From statements of European, American, and Arab leaders, it's inferred that all share a tacit working assumption that the Palestinian state's sovereignty might not be absolute. The demilitarization principle, in particular, is frequently mentioned in this context.

Israel's outright rejection of the US initiative could thwart the Palestinian state's establishment but would likely lead Israel into a confrontation with the US, risking political and military isolation in the fight against the "Iranian octopus."

Therefore, Israel should avoid a binary response to the Palestinian state concept. Instead, it should actively shape the essence of the permanent-status of the Palestinian entity and seek a comprehensive security and political package from the US.

 The ‘Revitalized PA' as a Permanent Status

We propose that the Palestinian state effectively be a revitalized PA (more here), designed to address Israel's concerns and interests.

The 'Palestinian State' would represent a trade-off: Certain sovereignty aspects threatening Israeli security would be limited, while the 'State' would gain authority in areas previously constrained by the Oslo Accords. Limited sovereignty aspects would include:

  • Security: Israel would retain exclusive military jurisdiction in the region, necessitating the demilitarization of the Palestinian entity and strict control over Gaza's entry and exit points. Militias and terrorist organizations would be disarmed, with the 'state' armed solely with police weaponry.

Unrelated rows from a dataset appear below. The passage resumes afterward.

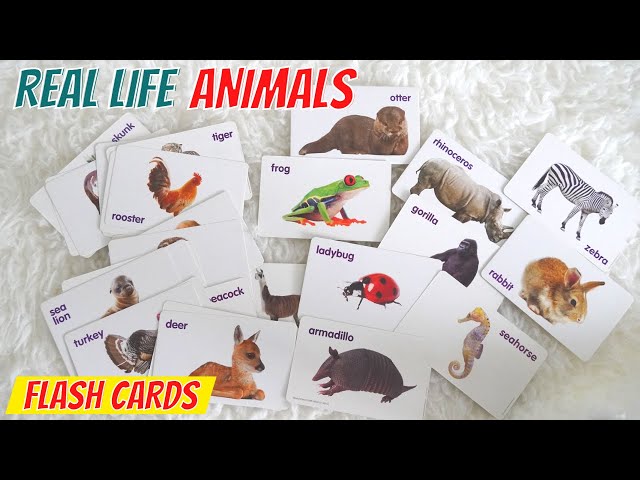 ANIMAL NAMES for Kids and Toddlers | First Words for Babies | Educational Video for Kids
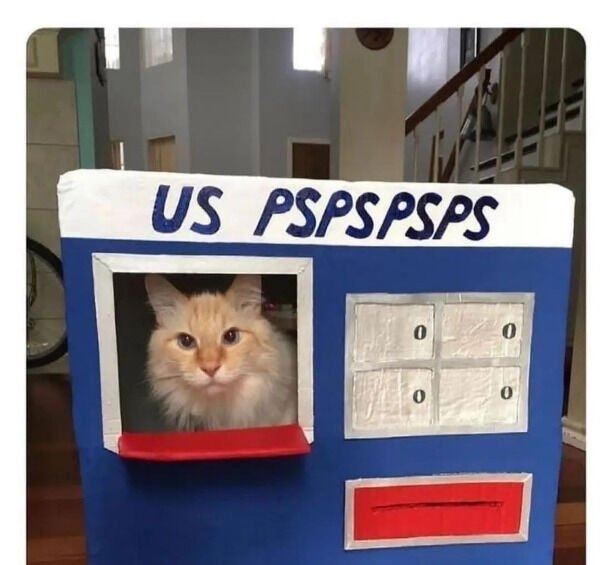 funnycats16_024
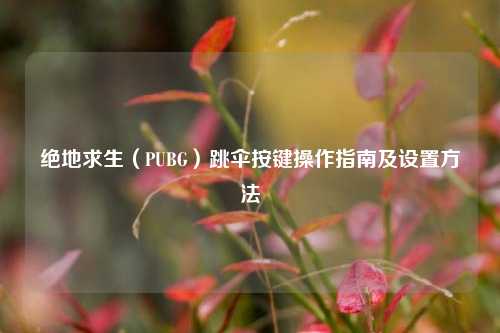 绝地求生（PUBG）跳伞按键操作指南及设置方法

  • Legal and constitutional framework: International oversight is essential in developing the Palestinian legal system to ensure its future constitution does not advocate Israel's destruction or permit entities like Hamas to participate in elections or operate within its territory.

  • Education: The Palestinian education system requires a de-radicalization process under international supervision, as it currently serves as a breeding ground for incitement and indoctrination against Israel.

  • Budget: Mechanisms must be established to prevent funding to terrorist families or for terrorist activities.

  • International status: The 'state's' international standing should be limited for several years to prevent conflicts with Israel in international forums.

Successful implementation of this strategy requires:

  • Retirement of Abu Mazen and cooperation with new leadership committed to the aforementioned principles.

  • Transition to direct political dealings between Israel and the international community with the Palestinian 'state', bypassing the PLO to mitigate the risk of Hamas infiltration.

  • Deferred discussions on final borders and other unresolved issues between the two states.

A Complementary Security & Political Package


Israel must advocate for measures that enhance its geostrategic position against regional threats, preventing Hamas the resistance axis from claiming victory. Key actions include:

  • Dissolving UNRWA, which perpetuates the refugee problem and the Palestinian ethos of struggle (more here), should be integral to any political resolution. This move effectively nullifies the right of return and prevents Hamas from claiming victory, even if it survives the conflict.

  • Establishing an updated, effective security regime with Egypt, including control over Gaza's periphery, in light of the current situation.

  • Forming an effective regional alliance under American and international auspices, including normalization with Saudi Arabia, could serve as a potent counterbalance to the Iranian proxy axis.